#!/bin/bash

# yet another fugly script by Erik Jan "alphageek" Tromp

# this time, it's a pathetic attempt to recover some space on my server.
# sizable portions of the slackware-8.1/ & slackware-current/ trees were
# virtually identical at one point. by hardlinking the common files, only
# single file 'bodies' need reside on disk, thereby freeing up space.

# NOTE: absolutely no sanity checking is performed for unlinking
#       hardlinks. if you have 100 gigs worth of files hardlinked on a 40
#       gig drive, you're going to be in for a nasty surprise.

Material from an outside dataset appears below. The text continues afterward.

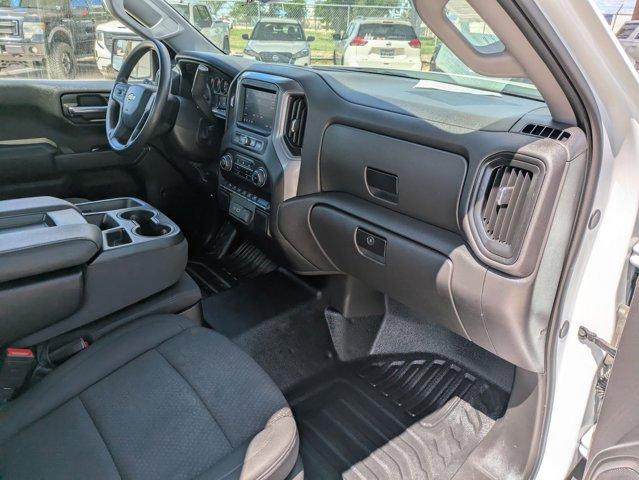 2024 Chevrolet Silverado 1500 Vehicle Photo in SELMA, TX 78154-1460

# known to work with the following versions of utilities under linux. ymmv
# basename - sh-utils 2.0
# bash     - 2.05.0
# cmp      - diffutils 2.7
# date     - sh-utils 2.0
# dirname  - sh-utils 2.0
# echo     - sh-utils 2.0
# find     - 4.1
# ln       - fileutils 4.1
# ls       - fileutils 4.1
# sort     - textutils 2.0
# touch    - fileutils 4.1

function _show_help() {
  echo "Usage: `basename $0` <options> [path] [...] <options>"
  echo
  echo "  -d, --dry-run  show what would have been (un)linked"
  echo "  -i, --ignore   ignore file timestamps"
  echo "  -l, --link     link duplicate files"
  echo "  -u, --unlink   unlink duplicate files"
  echo "  -q, --quiet    be vewwy vewwy quiet"
  echo "  -h, --help     show this help text"
  exit 1
}

# hmm, works better if you tell it to do something
if [ "$#" -eq "0" ] ; then
  _show_help
fi

# presets
DRYRUN="false"
IGNORE="false"
MODE=""
QUIET="false"
PATHS=""

# process arguments (with minimal sanity checking)
while [ "$#" -gt "0" ] ; do
  case "$1" in
    --dry-run|-d)
      DRYRUN="true"
      shift
      ;;
    --ignore|-i)
      IGNORE="true"
      shift
      ;;
    --link|-l)
      if [ "$MODE" = "unlink" ] ; then
        echo "choose ONE mode"
        _show_help
      fi
      MODE="link"
      shift
      ;;
    --unlink|-u)
      if [ "$MODE" = "link" ] ; then
        echo "choose ONE mode"
        _show_help
      fi
      MODE="unlink"
      shift
      ;;
    --quiet|-q)
      QUIET="true"
      shift
      ;;
    --help|-h)
      _show_help
      ;;
    -*)
      echo "unknown option: $1"
      _show_help
      ;;
    *)
      PATHS="$PATHS $1"
      shift
      ;;
  esac
done

if [ "$MODE" = "" ] ; then
  echo "choose a mode"
  _show_help
  exit 1
fi

# linking & unlinking files are 2 fundamentally different processes. as
# such, we have a separate section for each.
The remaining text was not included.